If you want to be optimistic, his absent offence could change in joining the Canucks. Vancouver isn’t much for the whole “defence” half of pairings, preferring either to get involved in the attack when the opportunity arises. And Poolman does have a history of reasonable production at the College and AHL levels. It’s a real question about who he does pair with. In the running are the aforementioned Brad Hunt or one of two youngsters with radically different styles. If the left side is finished with Olli Juolevi, then the pair will be more about shutting down opponents than scoring. If it’s the gleeful maniac Jack Rathbone then the opposite will hold true. And it would be no surprise if Poolman spends time with both in 2021-22.
Oh, you heard this happened? The joy of making a super-high-risk deal like bringing in Oliver Ekman-Larsson is that the measure of “success” is instantly skewed. Fans who expect an unmitigated disaster can be appeased by a modest improvement to Ekman-Larsson’s defence. There are no fans who are predicting what the notoriously optimistic general manager does – that he’ll be the number one defenceman – so there aren’t really any high expectations to manage. Even the most devout Canuckleheads heard that and said “Dude. Come on.”

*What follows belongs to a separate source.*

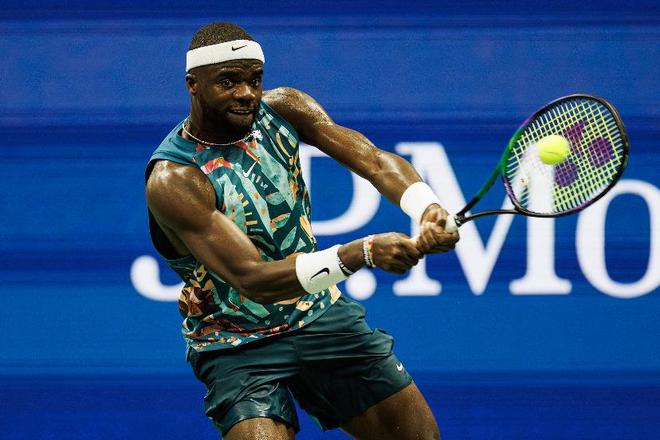 杨紫琼多年 杨紫琼多年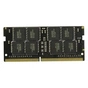 Модуль пам'яті для ноутбука SoDIMM DDR4 16GB 2666 MHz AMD (R7416G2606S2S-U) - зменшене зображення 1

The real hope for his improvement with the Vancouver Canucks defence is twofold. The first is that he’ll be playing in a more offence-focussed system. The second is much more fingers-crossed: that the veteran will be re-energized with the new team. It’s no secret that the Canucks’ reputation among Swedish players is high and increasing with the new management additions. With the Arizona Coyotes going through a total to-the-bone rebuild, the 11-year veteran can join a team already on the rise. Ekman-Larsson has been to the playoffs twice in his 11 years: once in the Bubble in Edmonton and once eight years ago.
A lot has been made of his defensive failings, but some of that is mental. Losing physicality, letting opponents get to the front, slower return from the attacking end. These are mistakes players are more prone to when they are at the end of the year and playoffs are out of sight. Playing out the string encourages veterans to play with one eye on next year and get out of this one uninjured. Those weren’t happening to Ekman-Larsson four or five years ago. The move from Arizona’s disfunction, the change of playing styles, joining a young and improving team… All of this could combine to revitalize the 30-year old and get some of his younger play back.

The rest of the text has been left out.